» **Your assignment**
Look for the line with "RARE Mitchell Ness" in the data below, then reproduce word for word that line and every line after it. Leave out all pictures and add nothing.

» **Records shown**
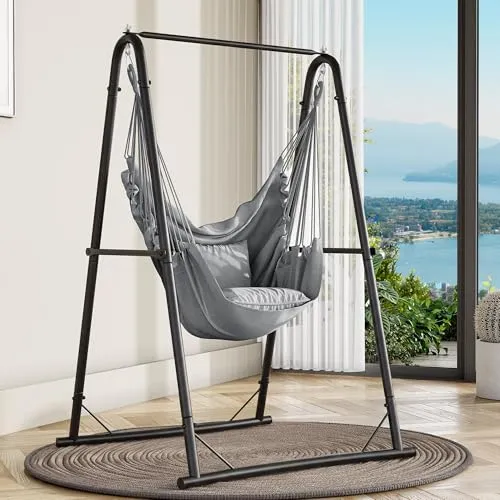 YITAHOME Hängesessel mit Gestell 105x93x160cm, Stabiles Stahlgestell, Hängemattenständer mit Hängender Schaukel, Max. Belastung 150kg, Schaukelstuhl mit 2 Haken und 2 Rückenkissen für Garten, Grau
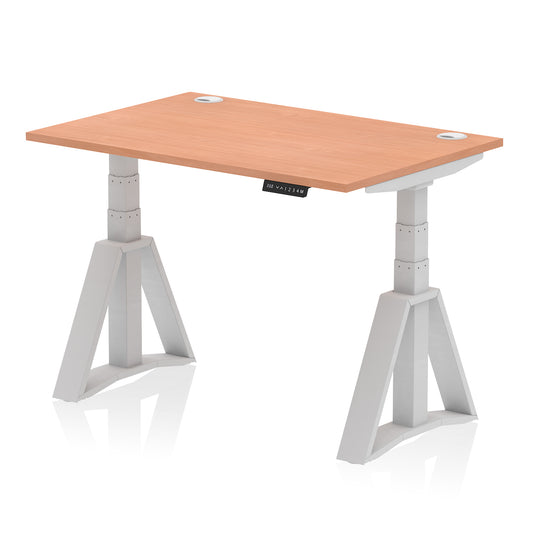 Air Height Adjustable Desk With Cable Ports With Piste Foot - 1200mm, 1400mm, 1600mm or 1800mm - Multiple Colour Options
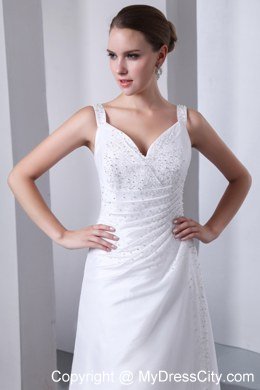 Elegant Straps Satin Ruches and Beading Wedding Dress 2013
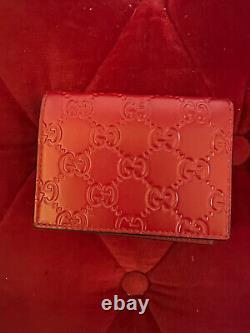 Gucci Gg Supreme Guccissima Leather Red Cherry Embellish Clutch Wallet Rare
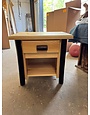 Rustic Log Nightstand - Natural/Walnut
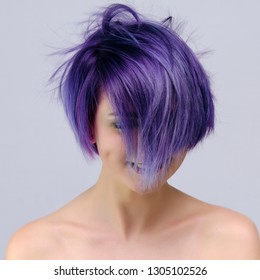 Beautiful Sexy Girl Purple Hair Short Stock Photo Edit Now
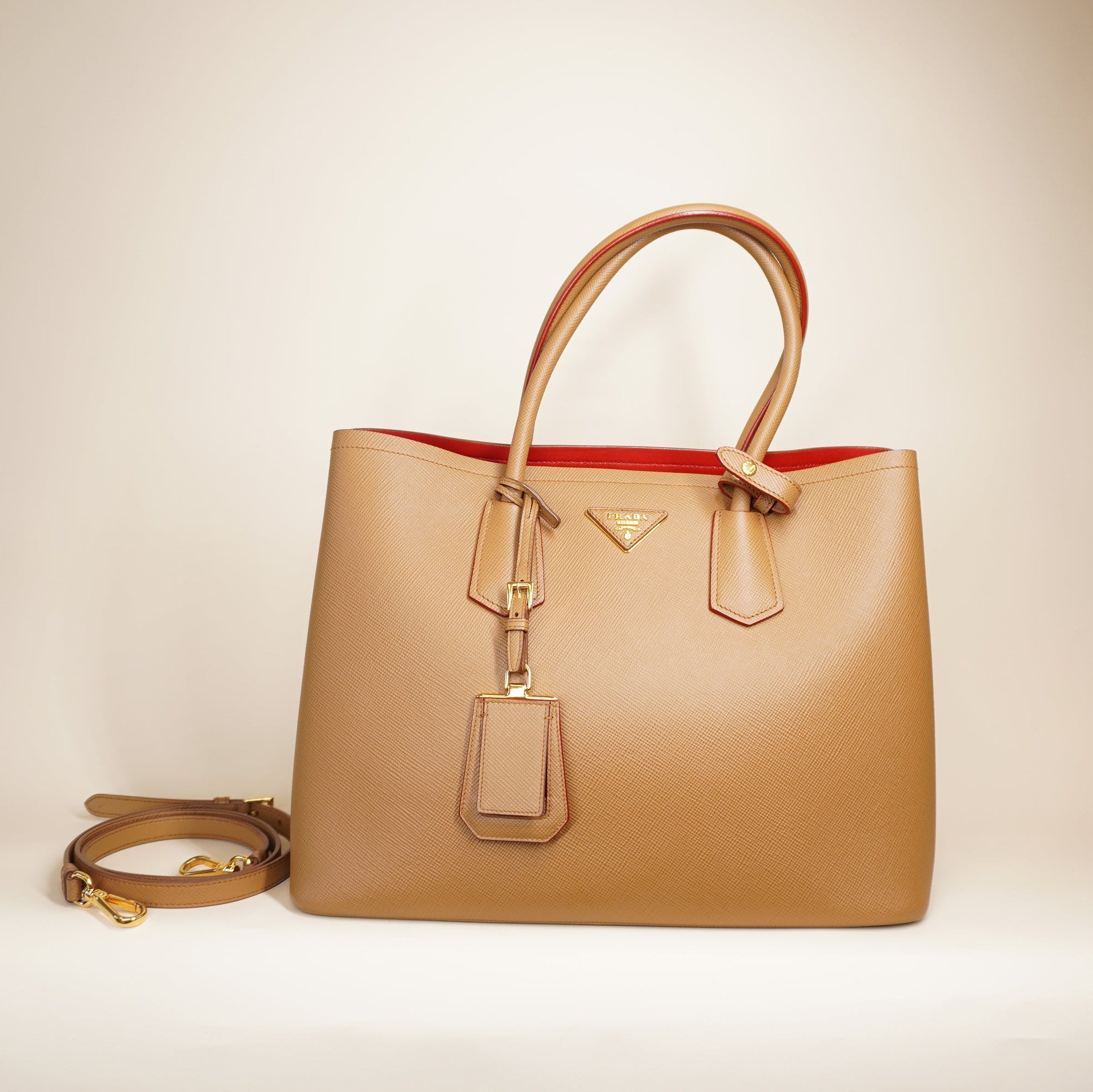 PRE-OWNED Camel Cuir Double Tote Saffiano Leather Shoulder Bag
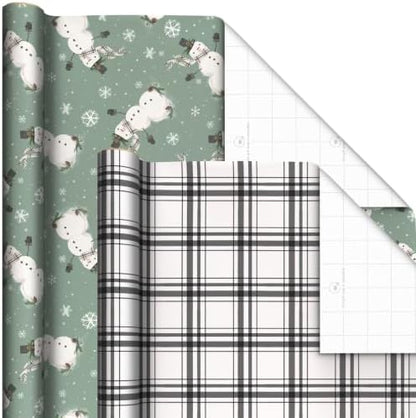 Hallmark Sage Green Christmas Wrapping Paper, 4 Rolls (Plaid, Snowmen)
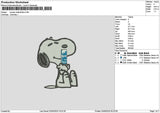 Snoopy Redbull Blue Embroidery File 6 sizes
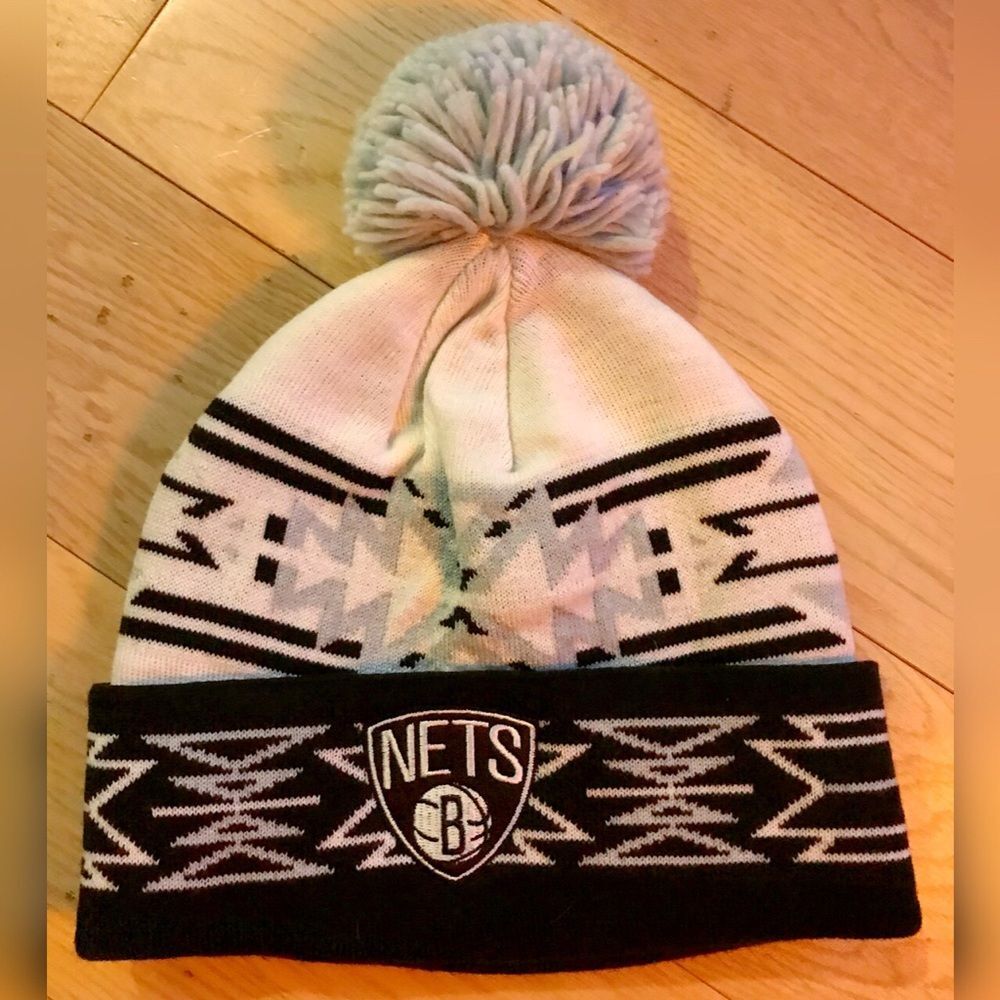 RARE Mitchell Ness Brooklyn Nets Knit Winter Hat Cap New Era Biggie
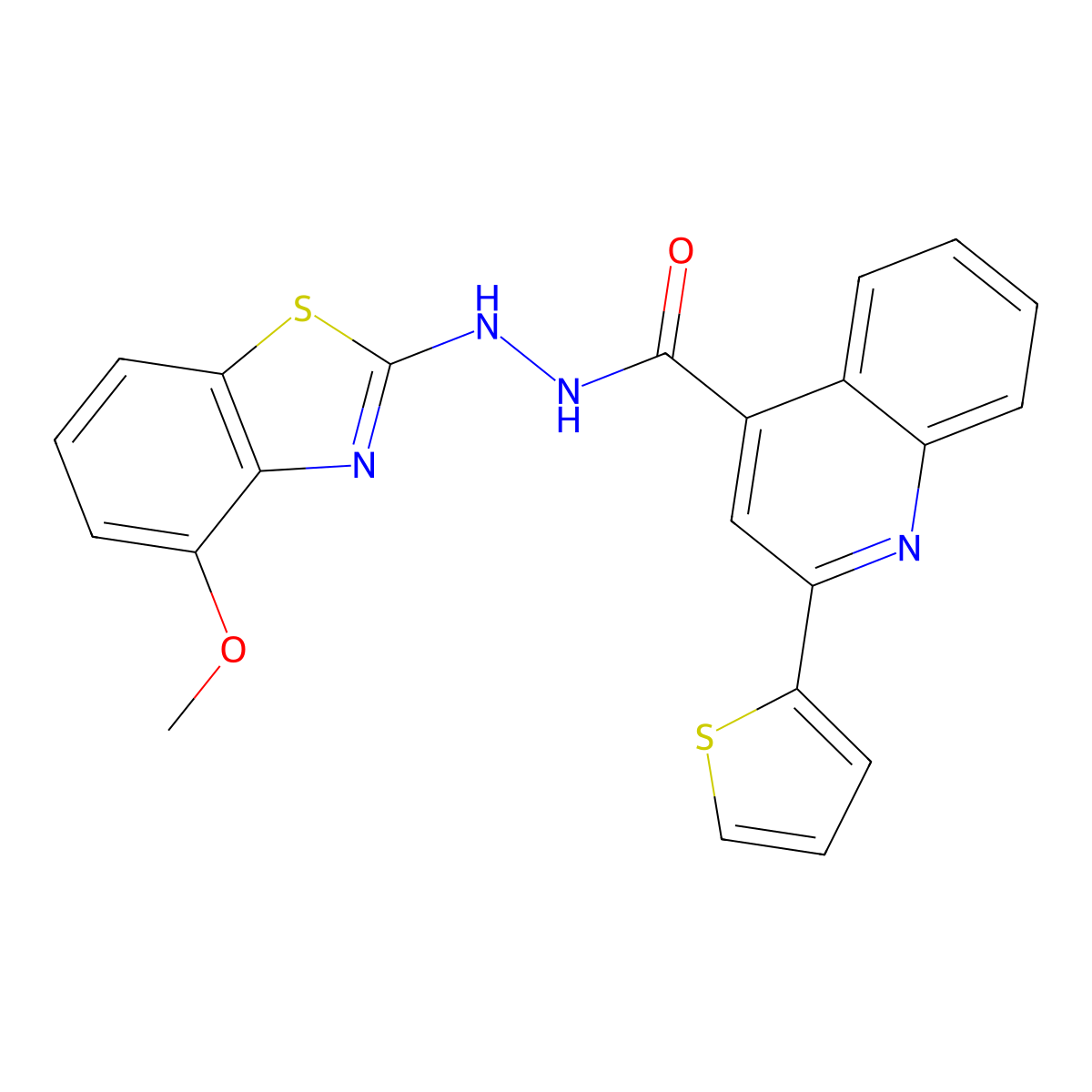N'-(4-methoxybenzo[d]thiazol-2-yl)-2-(thiophen-2-yl)quinoline-4-carbohydrazide molecular structure, CAS 851978-34-2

» **Response area**
 RARE Mitchell Ness Brooklyn Nets Knit Winter Hat Cap New Era Biggie
N'-(4-methoxybenzo[d]thiazol-2-yl)-2-(thiophen-2-yl)quinoline-4-carbohydrazide molecular structure, CAS 851978-34-2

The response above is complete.